Print, from the listing below, the lines starting at the line containing "Continuing with the" and ending at the line containing "FleaLight is a", exactly as they stand, and print nothing else.

> [Materials provided]
—————
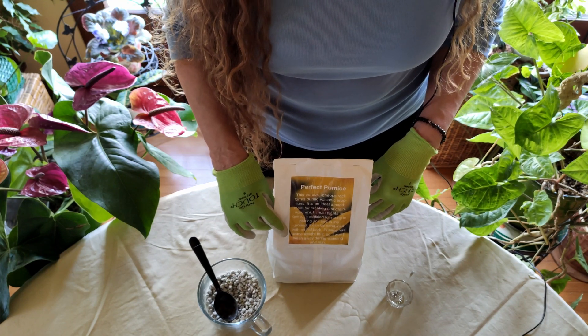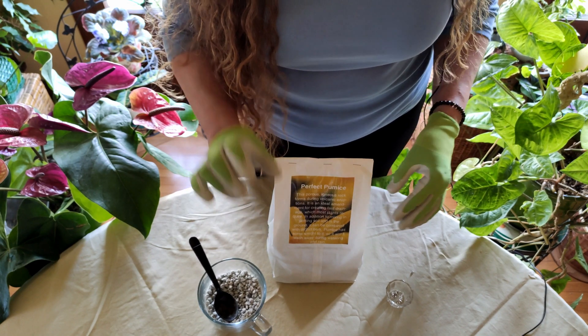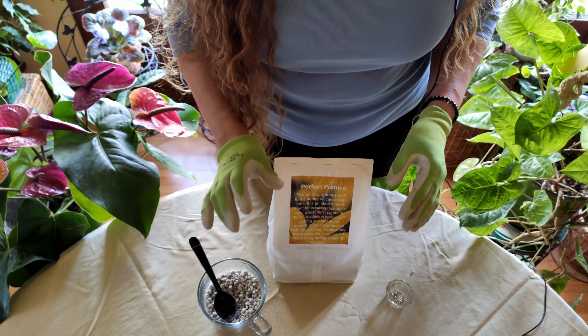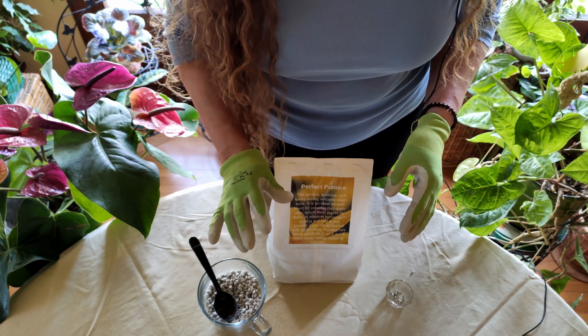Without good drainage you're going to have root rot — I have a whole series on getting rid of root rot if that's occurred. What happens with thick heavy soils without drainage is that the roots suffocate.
—————
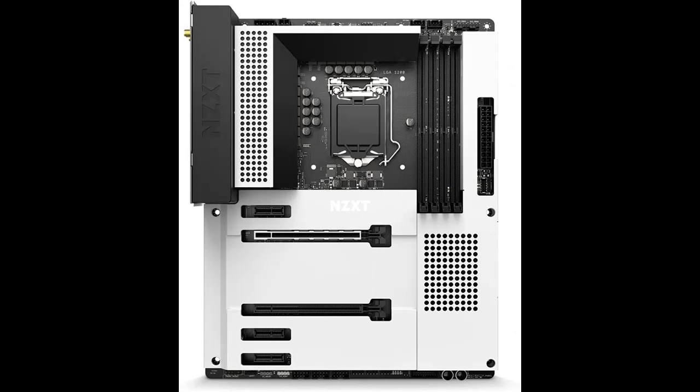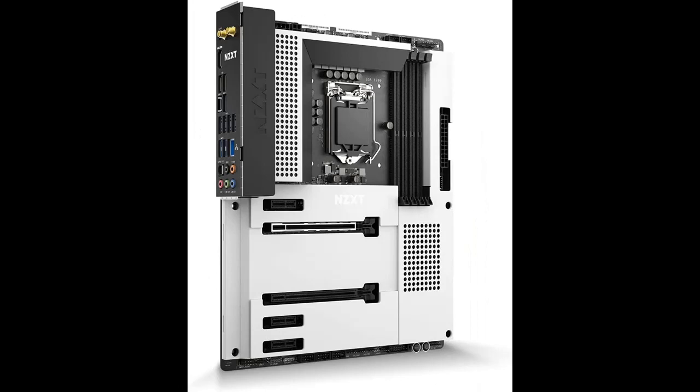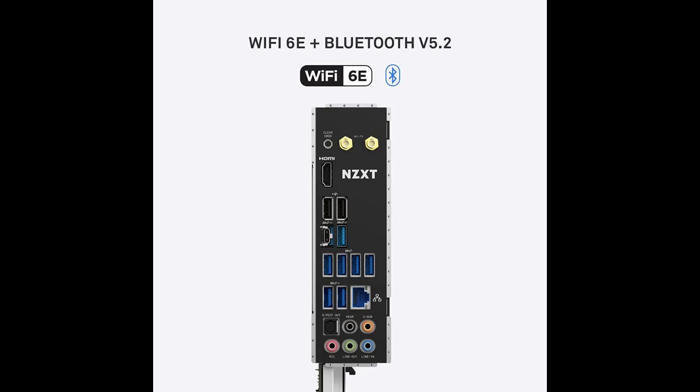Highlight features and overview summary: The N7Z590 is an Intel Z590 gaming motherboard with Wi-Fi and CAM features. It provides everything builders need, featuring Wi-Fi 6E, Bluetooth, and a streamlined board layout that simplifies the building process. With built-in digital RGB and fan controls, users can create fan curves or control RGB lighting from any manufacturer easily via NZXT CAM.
—————
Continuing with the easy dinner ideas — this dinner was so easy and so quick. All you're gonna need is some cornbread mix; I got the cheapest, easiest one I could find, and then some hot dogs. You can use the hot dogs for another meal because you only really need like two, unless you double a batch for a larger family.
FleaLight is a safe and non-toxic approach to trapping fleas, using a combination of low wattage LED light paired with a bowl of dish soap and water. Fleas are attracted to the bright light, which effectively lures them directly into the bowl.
—————
> [Task result]
Continuing with the easy dinner ideas — this dinner was so easy and so quick. All you're gonna need is some cornbread mix; I got the cheapest, easiest one I could find, and then some hot dogs. You can use the hot dogs for another meal because you only really need like two, unless you double a batch for a larger family.
FleaLight is a safe and non-toxic approach to trapping fleas, using a combination of low wattage LED light paired with a bowl of dish soap and water. Fleas are attracted to the bright light, which effectively lures them directly into the bowl.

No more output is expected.